Data

We use nationally representative cross-sectional survey data from the 2001–2012 Behavioral Risk Factor Surveillance System (BRFSS), the largest telephone health survey in the United States (Mokdad, 2009). The BRFSS employs a multistage, stratified sampling approach to collect uniform, state-specific data on health, health behaviors, and disease risk factors related to diseases, injuries, and infections in the adult population (CDC, 2022). The dataset includes annual samples from all 50 states, and the District of Columbia, with sample sizes varying between 200,000 and 400,000 for each state. BRFSS questionnaires consist of three parts: 1) the core component, 2) optional modules, and 3) state-added questions. We use data from the core component to examine associations between racial/ethnic status, SES, and health. We are limited to the 2001–2012 BRFSS data, as the detailed race data necessary to construct measures of multiracial status are not publicly available for more recent years. We use supplemental data from the optional modules and state-added questions to explore the contribution of three non-socioeconomic pathways (early life social conditions, race-related experiences, and health behaviors) to racial/ethnic differences in health. We provide a detailed breakdown of missing data for each variable in Supplementary Table 1. While demographic characteristics, SES measurements, and health behaviors belong to the core component of the questionnaires, early life social conditions and race-related experiences are all optional modules only provided during select years and by select states (see Supplementary Table 2 for more information).

Health outcomes

Our analysis examines two self-reported health measures from BRFSS. The first measures days of poor mental health. Respondents were asked “thinking about your mental health, which includes stress, depression, and problems with emotions, for how many days during the past 30 days was your mental health not good?”, with response categories ranging from 0 to 30 days. The second measures days of poor physical health, based on the question “thinking about your physical health, which includes physical illness and injury, for how many days during the past 30 days was your physical health not good?”, with responses again ranging from 0 to 30 days. These measures are widely used in population health research and avoid possible bias from relying on diagnosed conditions that could reflect differential healthcare access (Zahran et al., 2005; Pierannunzi et al., 2013). We report the distribution of these two dependent variables, as well as major demographic controls, in Table 1.
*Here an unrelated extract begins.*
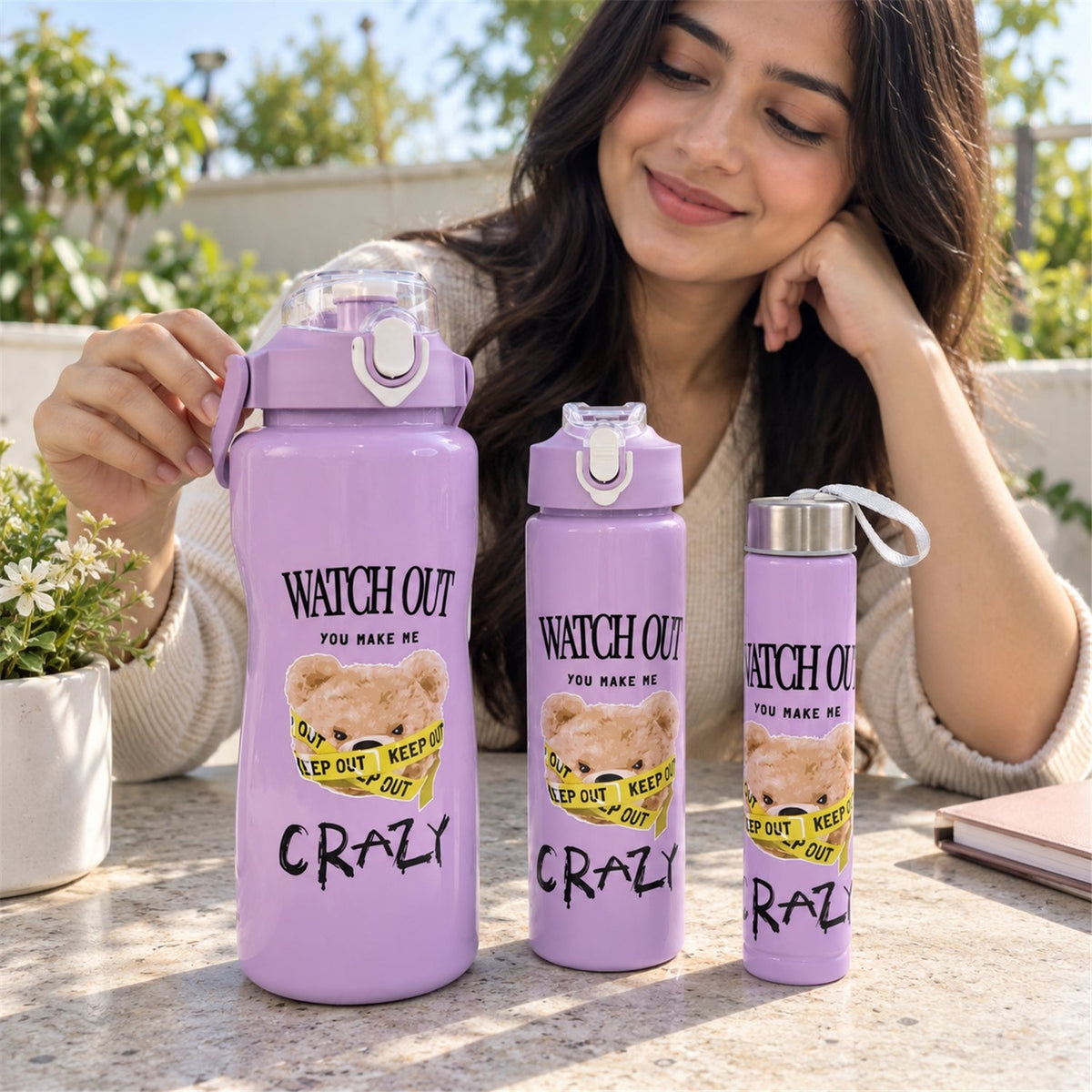 A person gently touching the largest purple water bottle, part of a set of three with a teddy bear design, outdoors.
Race and ethnicity classification

We use detailed race and ethnicity questions in BRFSS to construct our primary independent variables. Respondents were first asked “Are you Hispanic or Latino?” and then “Which one or more of the following would you say is your race?” with options to select multiple categories: (1) White, (2) Black, (3) Asian, (4) Native Hawaiian or Other Pacific Islander, (5) American Indian or Alaska Native, and (6) Other Races. To create mutually exclusive categories, we first classify all respondents of Hispanic origin as Hispanic regardless of racial identification, which means we cannot identify multiracial patterns among Hispanic respondents. Among non-Hispanic respondents, we then classify participants into 10 categories: monoracial White, monoracial Black, monoracial Asian, monoracial Native Hawaiian/Pacific Islander, monoracial American Indian or Alaska Native, Other monoracial race, Black multiracial, American Indian or Alaska Native multiracial, Asian multiracial, and Other multiracial. The non-Hispanic specification is assumed for all racial categories in our analyses.

For multiracial respondents (those selecting multiple races), we create categories using a hierarchical approach that reflects historical patterns of racial classification. Following previous research on multiracial health disparities (Roth, 2005; James Davis, 2010; Bratter and Gorman, 2011), respondents identifying as Black and any other race(s) are classified as Black multiracial, reflecting the historical legacy of hypodescent rules in U.S. racial classification. Among remaining multiracial respondents, those identifying as American Indian or Alaska Native and any other race(s) are classified as American Indian or Alaska Native multiracial, though we acknowledge this may not fully capture Indigenous identity complexity (Quint et al., 2023). Next, remaining respondents selecting Asian and any additional race(s) are classified as Asian multiracial. All other multiracial combinations are classified as Other multiracial.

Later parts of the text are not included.